— Records for the exercise —
--*--

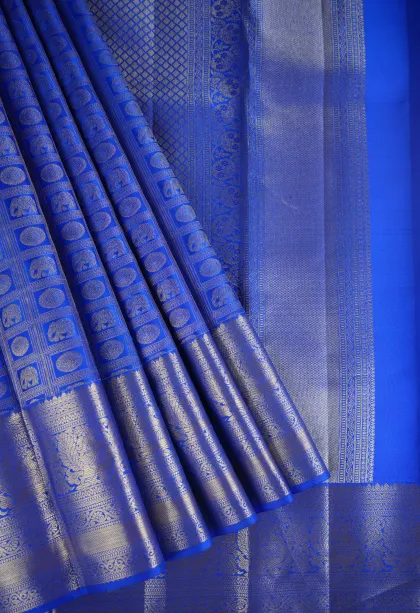 Admiral Blue Kanchipuram Silk Sarees with Gold Zari Elephant Motif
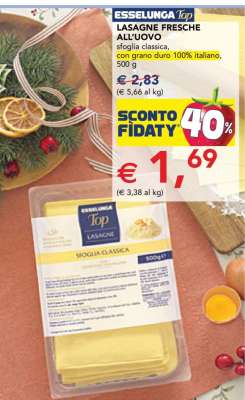 LASAGNE FRESCHE ALL'UOVO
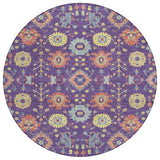 8' Purple And Plum Round Geometric Washable Indoor Outdoor Area Rug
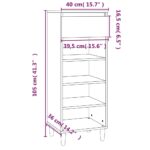 vidaXL Botník biely 40x36x105 cm spracované drevo – Obrázok 10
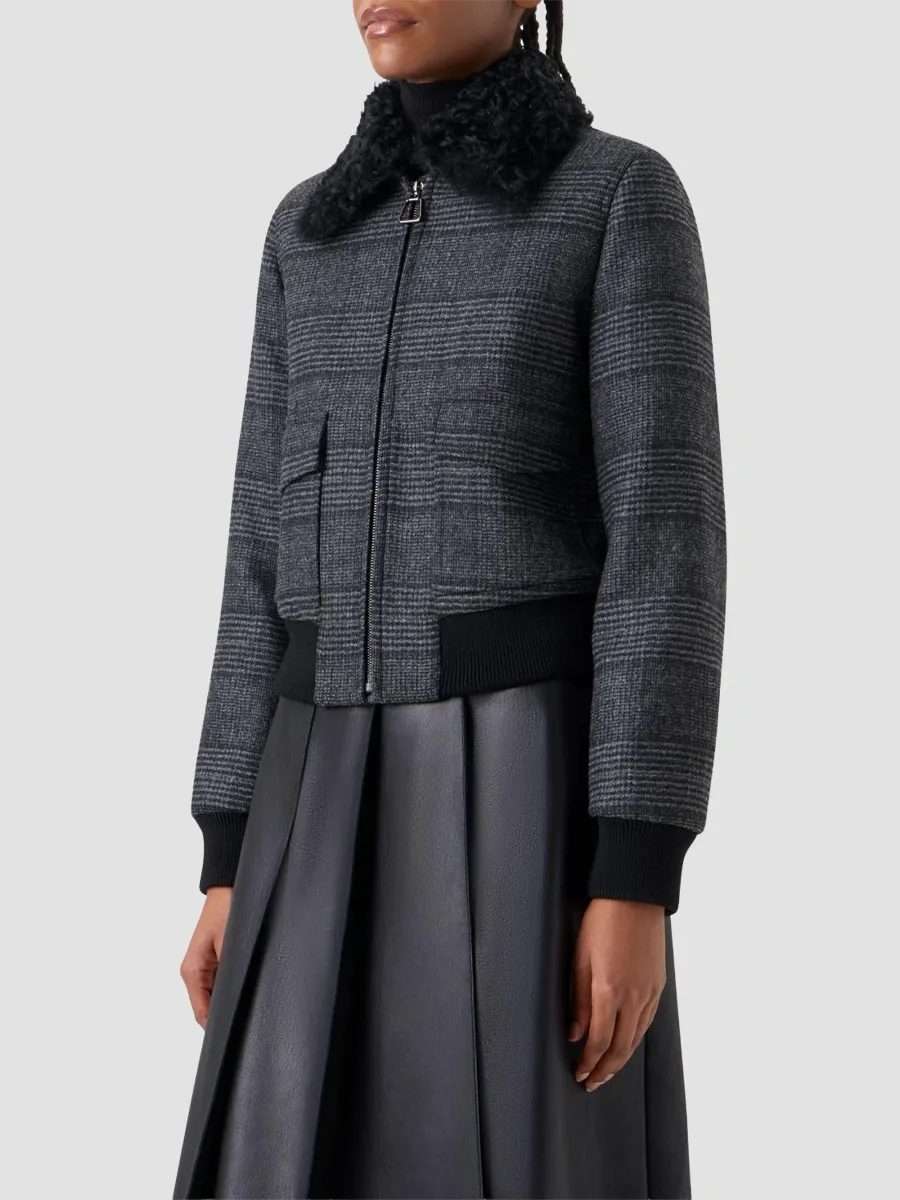 Akris Women's Kalla Wool Shearling-Trimmed Bomber Jacket | Thumbnail 4 Akris Women's Kalla Wool Shearling-Trimmed Bomber Jacket | Thumbnail 4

--*--

— Problem requirements —
Write out the data above in full and exactly, but not the pictures.

— Result of this task —
 Admiral Blue Kanchipuram Silk Sarees with Gold Zari Elephant Motif
 LASAGNE FRESCHE ALL'UOVO
 8' Purple And Plum Round Geometric Washable Indoor Outdoor Area Rug
 vidaXL Botník biely 40x36x105 cm spracované drevo – Obrázok 10
 Akris Women's Kalla Wool Shearling-Trimmed Bomber Jacket | Thumbnail 4 Akris Women's Kalla Wool Shearling-Trimmed Bomber Jacket | Thumbnail 4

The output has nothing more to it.